We now consider the number 143: each day after his morning swim, Rogers weighed himself the same way and the number 143 would come out (considering a height of about six feet, this put him on the lanky side). We can begin with the sign Taurus, the sign of his Ascendant, that is oriented to body and its physicality but when we arrive at its ruler Venus it’s in the phlegmatic sign Pisces. Saturn is in Sagittarius helps us understand this more.
Saturn, fully in sect in Rogers’ diurnal chart, is in a the tenth house position from his planets in Pisces. Saturn is also the next visible planet that the Moon aspects. Mutable Pisces can lack focus and consistency. Saturn can gently mold its character into disciplined manifestation.

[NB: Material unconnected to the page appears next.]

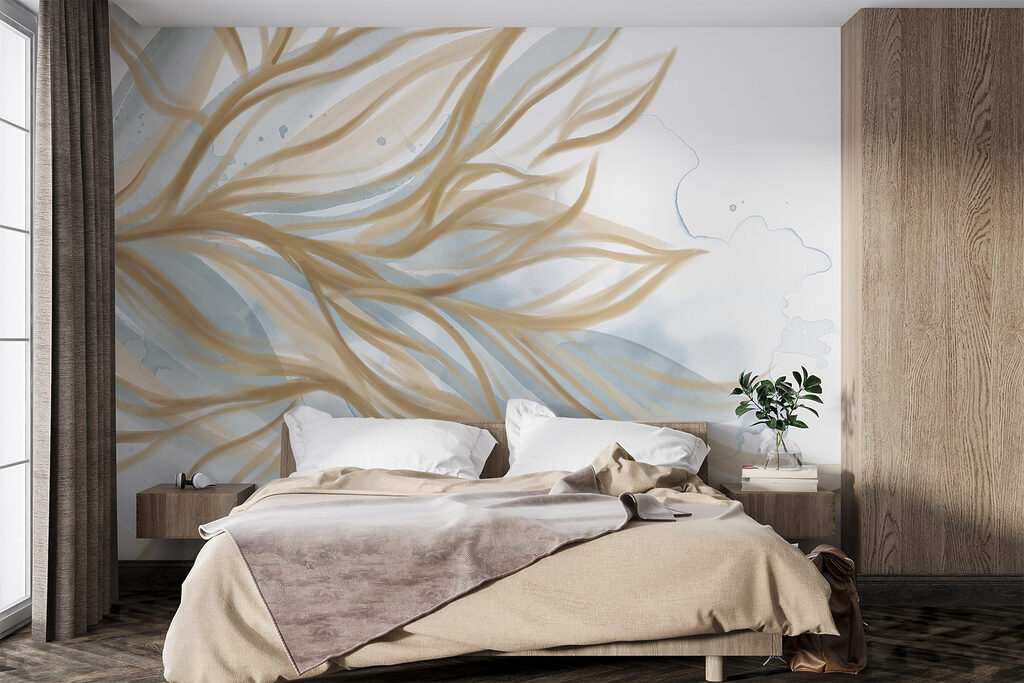 Gouden lijnen als bladgolven — interieur 3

Venus and Mercury, the Affable and the Intuitive
We now approach an odd combination: Venus, ruler of the Ascendant is in exaltation and conjunct Mercury that is in fall in Pisces. Venus, a planet that deals with feeling and sentiment, is an “honored guest” in this sign; linear Mercury can be uncomfortable in watery amorphous Pisces. This combination favors Venus and gives a Venus coloring to Mercury. Yet Mercury has some fine features: it is oriental, rising before the Sun which is a positive indicator in a day birth (Venus, a nocturnal planet, has to take a back seat here). Mercury is also in sect in his diurnal chart.

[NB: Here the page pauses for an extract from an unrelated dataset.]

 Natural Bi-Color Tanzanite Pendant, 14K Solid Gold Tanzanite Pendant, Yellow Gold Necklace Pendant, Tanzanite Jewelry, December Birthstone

Venus comes out in Rogers’ musical ability – he wrote more than two hundred songs – and his affable interpersonal style. Although he had the same range of emotions as we all do, and spoke eloquently to children about all kinds of negative states of mind that continue to afflict us. There exuded from him an emotional sensitivity that brought out the healing qualities of those who shared space with him.
Rogers’ Mercury, assisted by his strong Venus placement, brought out his gift of articulation, not in the mercurial way of being clever but as emotionally direct and often quite simple. A favorite quote of his was that “deep and simple is far more essential than shallow and complex” – this is Mercury in Pisces at its best. A quick web search comes up with many examples of Rogers’ understated eloquence.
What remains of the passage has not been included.